Introduction

This is a follow on from my previous post which started looking at how podman varies from running local containers with Docker.

One point that was raised after that post, was that podman can run containers as root as well, and that’s an interesting area to explore.

Running podman as root

So we can use sudo on an ubuntu host to run podman containers as the root user. There’s a couple of reasons you might want to do this. First up would be that you need access to functions that are not available to your standard user (for example binding ports < 1024), another could be down to the differences in network behaviour between rootless and rootfull containers.

One thing you’ll notice immediately when using sudo to run podman containers is that, you’re not sharing any container images with your ordinary user, so it’ll pull down images that aren’t present for the root user.

Unlike Docker there’s no shared system level image repository, by default, so it will go and retrieve images where needed.

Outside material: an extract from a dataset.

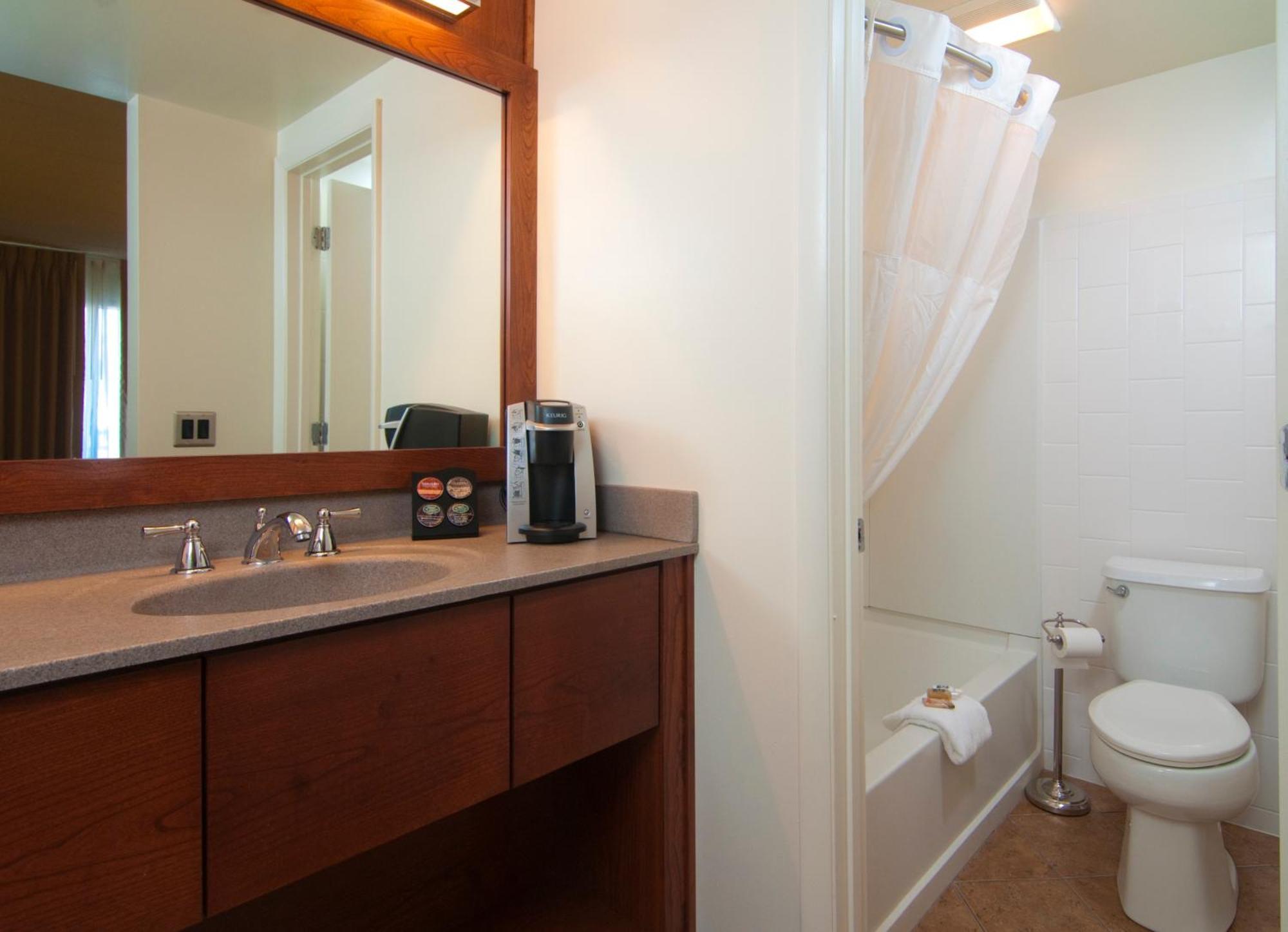 Crosswinds Motel Rehoboth Beach Habitación foto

Difference in networking - rootless v.s. rootfull

Another area where there are some notable differences between rootless and rootfull containers under podman is in networking. As mentioned last time rootless containers use slirp4netns to provide containers an IP address. This is quite a different model to the Docker bridge, with a couple of practical effects.

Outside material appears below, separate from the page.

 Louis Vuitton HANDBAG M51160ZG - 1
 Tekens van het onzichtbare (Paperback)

  • There’s no shared network for rootless containers. Each one is plumbed into a tap interface which is then networked out to the host by slirp4netns. So if you start two containers in rootless mode, by default, they can’t talk directly to each other without exposing ports on the host.
  • All your containers get the same IP address. On the installation I’m using they all get 10.0.2.100

By comparison, if you run containers rootfully, the networking looks much more similar to the default Docker configuration. Containers will get an individual IP address, and will be able to communicate with other containers on the bridge network that they’ve been connected to.

Podman Networking - Usable MacVLAN

Anyone who’s dug around in Docker networking for a while, will likely have come across the MacVLAN network type. This is kind of like a VMWare Workstation/Fusion bridge network, where the container gets placed on the the same network as the host, getting rid of the need for explicit port forwarding.

The downside to Docker’s implementation has always been that there’s no support for DHCP with MacVLAN, so you need to have a range of IP addresses to assign to the container that aren’t going to be used elsewhere.

When I was looking round Podman’s networking options, I noticed that there’s a plug-in that can allow Rootfull podman containers to do something similar, but with DHCP support. This basically follows this post on the Redhat blog, but there’s a couple of details that worked differently on the system I was running on.

After creating a network config, as mentioned in the post you start the DHCP plug-in. On ubuntu this is in /opt/cni/bin instead of /usr/libexec/cni

You can then run a container attached to that network and it’ll get an IP address on the same LAN as your host. In my set-up this took a couple of seconds to do and you get some “network is down” messages as it’s starting, which can be a bit disconcerting, but it does work!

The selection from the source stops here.